As the first person to collect and publish such stories in quantity, Mr. Hopkins is widely credited with having begun the alien-abduction movement, a subgenre of U.F.O. studies. Later high-profile writers on the subject, including Whitley Strieber and the Harvard psychiatrist John Mack, credited him with having ignited their interest in the field.

In eliciting the narratives — many obtained under hypnosis — of people who said they had been abducted, Mr. Hopkins was struck by the recurrence of certain motifs: the lonely road, the dark of night, the burst of light, the sudden passage through the air and into a waiting craft, and above all the sense of time that could not be accounted for.

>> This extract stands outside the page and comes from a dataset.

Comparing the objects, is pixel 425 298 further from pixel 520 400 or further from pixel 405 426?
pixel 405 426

He went in search of that lost time. What he found, in story after story, was this:

The aliens were technically sophisticated and many spoke improbably good English. They were short, bug-eyed, thin-lipped and gray-skinned, stripped their subjects naked and probed them with instruments, often removing sperm or eggs.

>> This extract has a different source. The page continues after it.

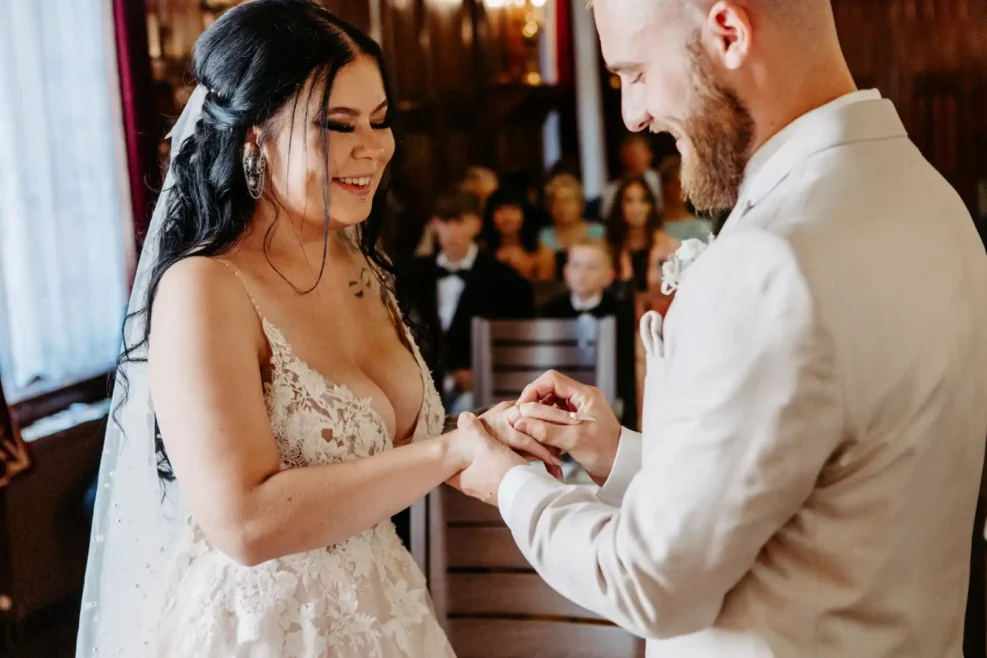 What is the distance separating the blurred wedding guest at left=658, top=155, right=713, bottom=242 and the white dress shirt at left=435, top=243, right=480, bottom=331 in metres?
0.97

These narratives, Mr. Hopkins wrote, led him to a distasteful but inescapable conclusion: The aliens — or “visitors,” as he preferred to call them — were practicing a form of extraterrestrial eugenics, aiming to shore up their declining race by crossbreeding with Homo sapiens.

In 1989 Mr. Hopkins founded the Intruders Foundation, based in Manhattan, to help sound the alarm.

"Guardian LXVII" by Budd Hopkins, 1989
He wrote four books on the subject, including “Intruders: The Incredible Visitations at Copley Woods” (1987), which spent four weeks on the New York Times best-seller list and was the basis of a 1992 TV movie starring Richard Crenna.

Mr. Hopkins’s work drew inevitable fire; in interviews he sometimes likened his attackers to Holocaust deniers, an analogy that incurred further criticism.

Elliott Budd Hopkins was born in Wheeling, W. Va., on June 15, 1931, and at 2 survived polio. He earned a bachelor’s degree in art history from Oberlin College in 1953 and afterward settled in New York, where he soon made his artistic reputation.

After the Cape Cod sighting he described — a silvery disc over Truro, Mass. — Mr. Hopkins began researching U.F.O.’s. In 1976 he published an article about abductions in The Village Voice, which led to an article in Cosmopolitan.

The exposure drew sacks of letters from readers wondering if they too had been abducted, and his second career was born. By the 1980s, it had eclipsed the first.

Mr. Hopkins’s three marriages, to Joan Baer, April Kingsley and Carol Rainey, ended in divorce. Besides his daughter, Grace, from his marriage to Ms. Kingsley, he is survived by his companion, Leslie Kean; a sister, Eleanor Whiteley; and a grandchild.

His memoir, “Art, Life and UFOs,” was published in 2009 by Anomalist Books.

Unlike some writers in the genre who described their own abductions as spiritually transformative, Mr. Hopkins believed that no good could come of being the unwilling subject of a vast human genome project in the sky. He called his informants “victims” and ran group therapy sessions for them in New York.

Many who shared their stories with Mr. Hopkins had no conscious memory of their abductions at first. But they had lived for years, he said, with the nagging feeling that somewhere, something in their lives had gone horribly wrong.

Their condition, Mr. Hopkins said, was not as rare as one might suppose. By his reckoning, 1 in 50 Americans has been abducted by an alien and simply does not know it.